====== Material supplied ======

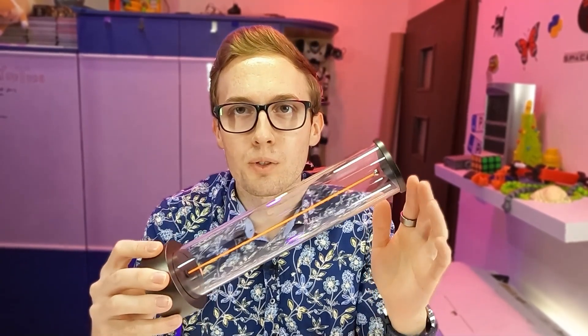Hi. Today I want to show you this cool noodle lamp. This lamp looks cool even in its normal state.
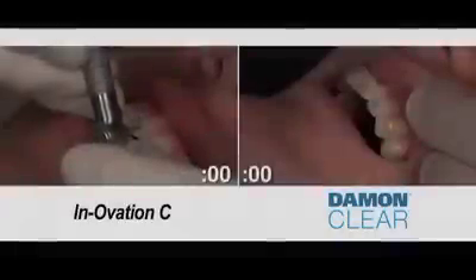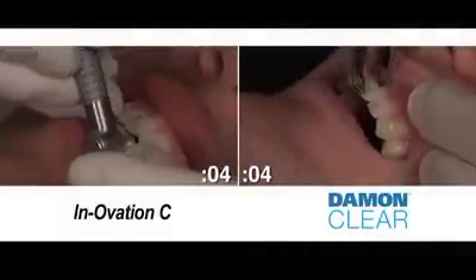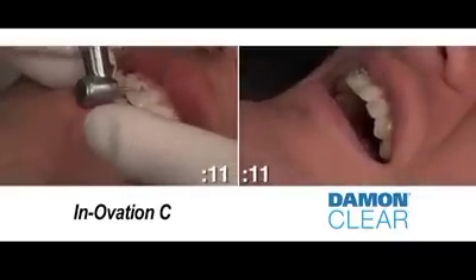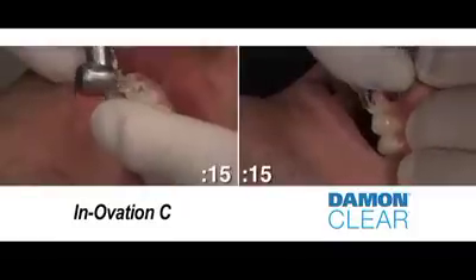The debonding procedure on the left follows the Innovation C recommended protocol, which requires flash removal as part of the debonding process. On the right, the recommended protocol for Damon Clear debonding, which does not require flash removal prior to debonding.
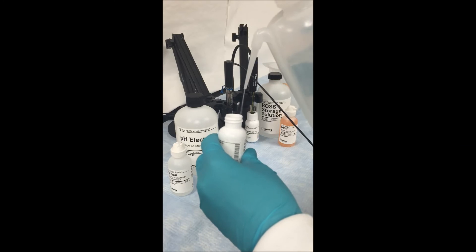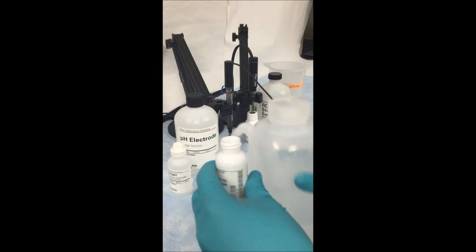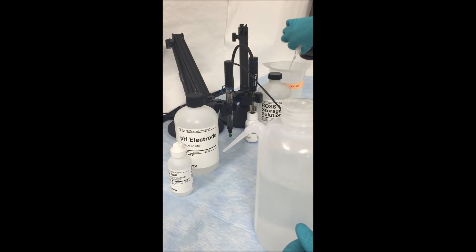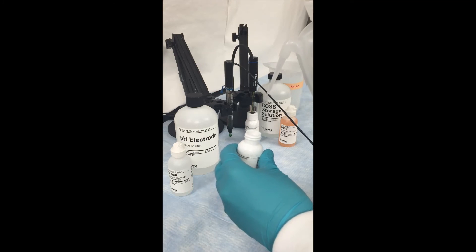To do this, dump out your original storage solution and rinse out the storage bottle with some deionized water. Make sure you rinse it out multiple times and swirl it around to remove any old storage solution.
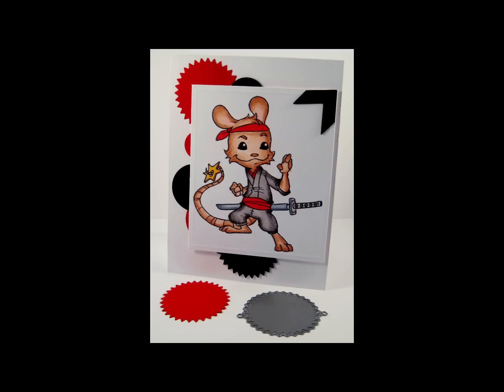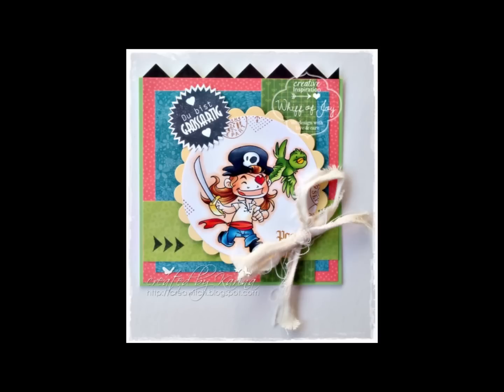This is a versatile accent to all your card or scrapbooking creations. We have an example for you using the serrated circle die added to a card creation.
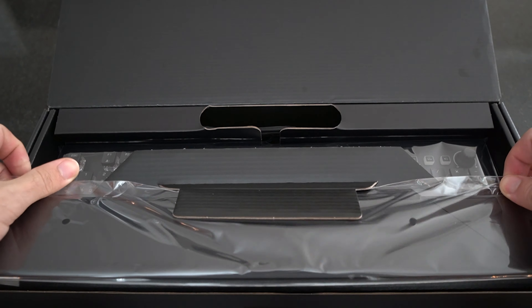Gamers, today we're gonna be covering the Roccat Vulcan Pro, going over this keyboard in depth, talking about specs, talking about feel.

======

_Your task_
Could you set down exactly, and only, the lines from the line containing "The debonding procedure" through the last line of the records, both included, without the pictures?

_Answer for this exercise_
The debonding procedure on the left follows the Innovation C recommended protocol, which requires flash removal as part of the debonding process. On the right, the recommended protocol for Damon Clear debonding, which does not require flash removal prior to debonding.
To do this, dump out your original storage solution and rinse out the storage bottle with some deionized water. Make sure you rinse it out multiple times and swirl it around to remove any old storage solution.
This is a versatile accent to all your card or scrapbooking creations. We have an example for you using the serrated circle die added to a card creation.
Gamers, today we're gonna be covering the Roccat Vulcan Pro, going over this keyboard in depth, talking about specs, talking about feel.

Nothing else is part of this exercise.